Below the transition temperature range, the glassy structure does not relax in accordance with the cooling rate used. The expansion coefficient for the glassy state is roughly equivalent to that of the crystalline solid. If slower cooling rates are used, the increased time for structural relaxation (or intermolecular rearrangement) to occur may result in a higher density glass product. Similarly, by annealing (and thus allowing for slow structural relaxation) the glass structure in time approaches an equilibrium density corresponding to the supercooled liquid at this same temperature.

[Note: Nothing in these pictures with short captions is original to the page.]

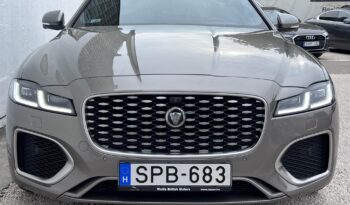 JAGUAR XF P300 R-Dynamic HSE AWD (Automata) Magyarországi FULL-FULL EXTRA! Vez.sz.könyv!!! full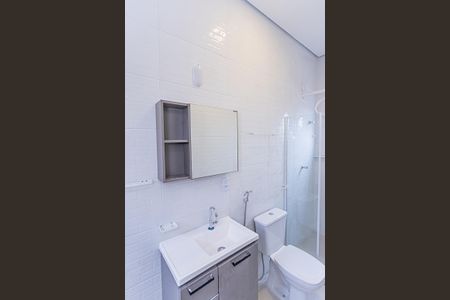 Casa para alugar com 22m², 1 quarto e sem vagaBanheiro Social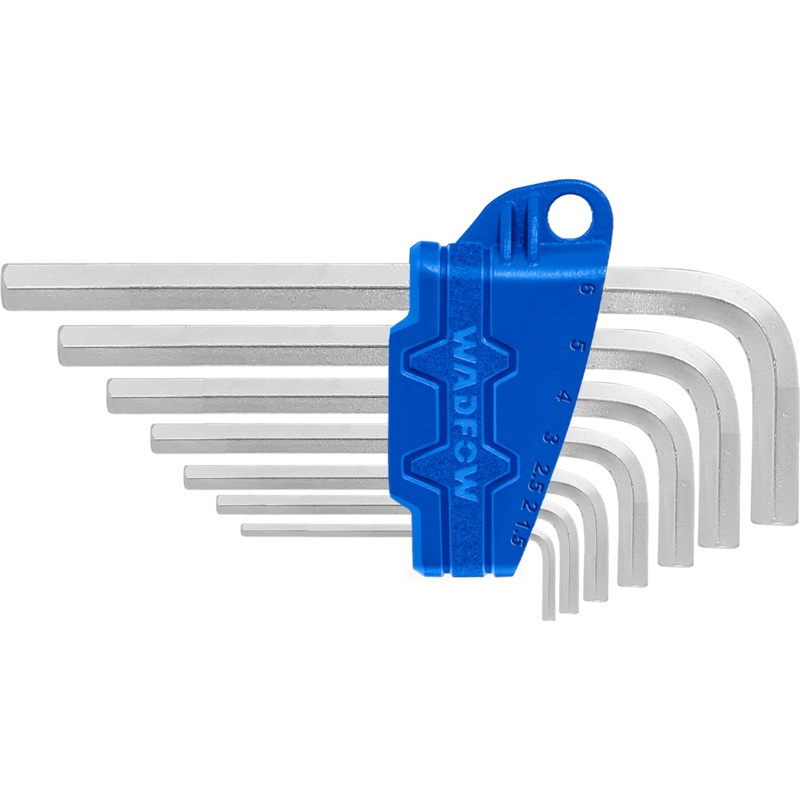7 Pcs Hex Key Set WHK1671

Tg is located at the intersection between the cooling curve (volume versus temperature) for the glassy state and the supercooled liquid.
The configuration of the glass in this temperature range changes slowly with time towards the equilibrium structure. The principle of the minimization of the Gibbs free energy provides the thermodynamic driving force necessary for the eventual change. It should be noted here that at somewhat higher temperatures than Tg, the structure corresponding to equilibrium at any temperature is achieved quite rapidly. In contrast, at considerably lower temperatures, the configuration of the glass remains sensibly stable over increasingly extended periods of time.
Thus, the liquid-glass transition is not a transition between states of thermodynamic equilibrium. It is widely believed that the true equilibrium state is always crystalline. Glass is believed to exist in a kinetically locked state, and its entropy, density, and so on, depend on the thermal history. Therefore, the glass transition is primarily a dynamic phenomenon. Time and temperature are interchangeable quantities (to some extent) when dealing with glasses, a fact often expressed in the time–temperature superposition principle. On cooling a liquid, internal degrees of freedom successively fall out of equilibrium. However, there is a longstanding debate whether there is an underlying second-order phase transition in the hypothetical limit of infinitely long relaxation times.